[SUPPLIED INFORMATION Boundary: Start]

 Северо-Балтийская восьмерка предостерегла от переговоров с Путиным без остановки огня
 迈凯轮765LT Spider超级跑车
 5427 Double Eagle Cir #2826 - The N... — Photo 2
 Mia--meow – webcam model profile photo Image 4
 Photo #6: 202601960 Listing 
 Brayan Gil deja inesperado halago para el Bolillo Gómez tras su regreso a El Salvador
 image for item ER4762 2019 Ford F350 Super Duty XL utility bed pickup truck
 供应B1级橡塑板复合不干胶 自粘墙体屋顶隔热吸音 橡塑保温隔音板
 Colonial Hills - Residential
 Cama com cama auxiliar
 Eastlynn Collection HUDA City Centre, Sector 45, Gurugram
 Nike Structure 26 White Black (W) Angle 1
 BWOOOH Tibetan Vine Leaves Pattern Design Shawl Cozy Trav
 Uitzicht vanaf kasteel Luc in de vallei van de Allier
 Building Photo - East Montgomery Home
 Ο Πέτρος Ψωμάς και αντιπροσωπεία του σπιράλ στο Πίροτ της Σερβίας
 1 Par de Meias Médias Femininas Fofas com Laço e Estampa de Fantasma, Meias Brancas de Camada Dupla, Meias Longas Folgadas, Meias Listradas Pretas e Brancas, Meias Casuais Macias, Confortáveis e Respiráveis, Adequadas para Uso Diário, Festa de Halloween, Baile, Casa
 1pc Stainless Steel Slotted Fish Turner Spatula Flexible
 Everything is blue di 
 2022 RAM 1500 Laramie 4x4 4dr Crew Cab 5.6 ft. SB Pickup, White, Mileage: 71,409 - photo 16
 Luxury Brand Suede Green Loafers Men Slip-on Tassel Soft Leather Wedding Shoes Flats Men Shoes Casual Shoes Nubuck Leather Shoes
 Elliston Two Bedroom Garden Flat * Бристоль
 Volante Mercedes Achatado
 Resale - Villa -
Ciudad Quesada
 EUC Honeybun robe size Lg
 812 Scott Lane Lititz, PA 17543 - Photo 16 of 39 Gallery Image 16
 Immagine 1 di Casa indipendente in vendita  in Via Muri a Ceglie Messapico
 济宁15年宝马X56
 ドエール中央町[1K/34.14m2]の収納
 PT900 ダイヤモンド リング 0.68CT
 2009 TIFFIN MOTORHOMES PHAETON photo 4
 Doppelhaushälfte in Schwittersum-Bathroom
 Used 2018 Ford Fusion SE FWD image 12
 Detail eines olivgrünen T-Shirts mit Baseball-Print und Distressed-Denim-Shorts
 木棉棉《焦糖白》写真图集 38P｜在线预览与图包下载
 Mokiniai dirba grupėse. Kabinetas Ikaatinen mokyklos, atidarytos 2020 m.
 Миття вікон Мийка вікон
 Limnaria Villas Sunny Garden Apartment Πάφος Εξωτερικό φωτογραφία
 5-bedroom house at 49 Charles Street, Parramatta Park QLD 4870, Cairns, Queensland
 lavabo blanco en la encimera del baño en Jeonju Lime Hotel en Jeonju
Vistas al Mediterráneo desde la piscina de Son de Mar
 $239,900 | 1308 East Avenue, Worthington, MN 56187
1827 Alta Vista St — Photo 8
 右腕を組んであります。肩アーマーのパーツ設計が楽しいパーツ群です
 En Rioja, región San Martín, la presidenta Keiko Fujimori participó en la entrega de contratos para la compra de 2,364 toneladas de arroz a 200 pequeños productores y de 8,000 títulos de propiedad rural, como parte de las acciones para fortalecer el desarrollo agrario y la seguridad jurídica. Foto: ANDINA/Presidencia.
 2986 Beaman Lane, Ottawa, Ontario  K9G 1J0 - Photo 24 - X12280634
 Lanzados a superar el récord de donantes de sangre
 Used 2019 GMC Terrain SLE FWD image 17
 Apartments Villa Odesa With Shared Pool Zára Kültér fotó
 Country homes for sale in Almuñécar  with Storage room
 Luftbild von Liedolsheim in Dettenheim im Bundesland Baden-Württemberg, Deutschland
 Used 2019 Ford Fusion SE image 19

[SUPPLIED INFORMATION Boundary: End]

WHAT TO DO -> How many of the lines above include the string "Ford"? Answer with the number only.

ANSWER FOR THIS EXERCISE -> 3